Since their invention in the 1960s, GNNs have been applied to various tasks and domains. They have been used to create models for detecting diseases, predicting social trends and patterns, and predicting outcomes of elections.

Traffic

The traffic prediction problem is a crucial part of any intelligent transportation system. We can address it using STGNNs: we consider the traffic network as a spatial-temporal graph where the nodes are sensors installed on roads, and the distance between pairs of nodes measures the edges. Each node's average traffic speed within a window a dynamic input features.

Chemistry

Graph nodes and edges represent the structure of a molecule. Nodes are atoms, and edges – are chemical bonds.

You can use graphs to analyse the molecular structure of molecules or compounds.

FAQs

1. What is Graph neural network used for?

Graph Neural Networks are a type of neural network you can use to process graphs directly. In the past, these networks could only process graphs as a whole. 

Graph Neural Networks can then predict the node or edges in graphs. Models built on Graph Neural Networks will have three main focuses: Tasks focusing on nodes, tasks focusing on edges, and tasks focusing on both nodes and edges.

2. How do you graph a neural network?

GNNs are like regular neural networks but better. They're a class of deep learning methods that allow you to do node-level, edge-level, and graph-level prediction tasks easily.

And the best part? You can use them directly on graphs.

3. What is Graph neural network in machine learning?

Graph Neural Networks are Neural Network that directly operates on the graph structure. This paper describes how to use Graph Neural Networks to solve problems in machine learning and computer vision.

4. What are the types of neural graph networks?

The three main types of neural graph networks are:

  • Recurrent Graph Neural Network, 
  • Spatial Convolutional Network
  • Spectral Convolutional Network.

5. What are CNN and GNN?

Convolutional Neural Networks (CNNs) and Graph Neural Networks (GNNs) are two types of deep learning methods that you can use to perform inference on data described by graphs. CNNs are artificial neural networks used in image recognition and processing. At the same time, GNNs are a class of deep learning methods designed to perform inference on data described by graphs.
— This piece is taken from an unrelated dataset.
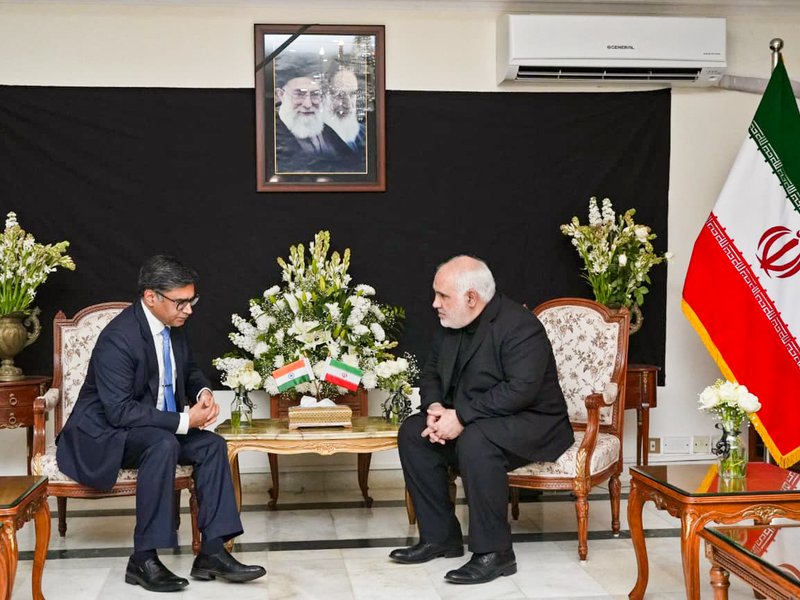 India conveys deep concern over Hormuz incident, urges Iran to facilitate India-bound ships across Strait (File image)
6. What is the difference between GNN and GCN?

CNNs and GNNs are two types of neural networks. CNNs are specifically designed to operate on structured data, while GNNs are the generalised version of CNNs where the number of nodes can vary, and the nodes are unordered.

It means that CNNs can be applied to structured data such as images or text but not unstructured data such as sound or weather. GNNs can be used for both structured and unstructured data.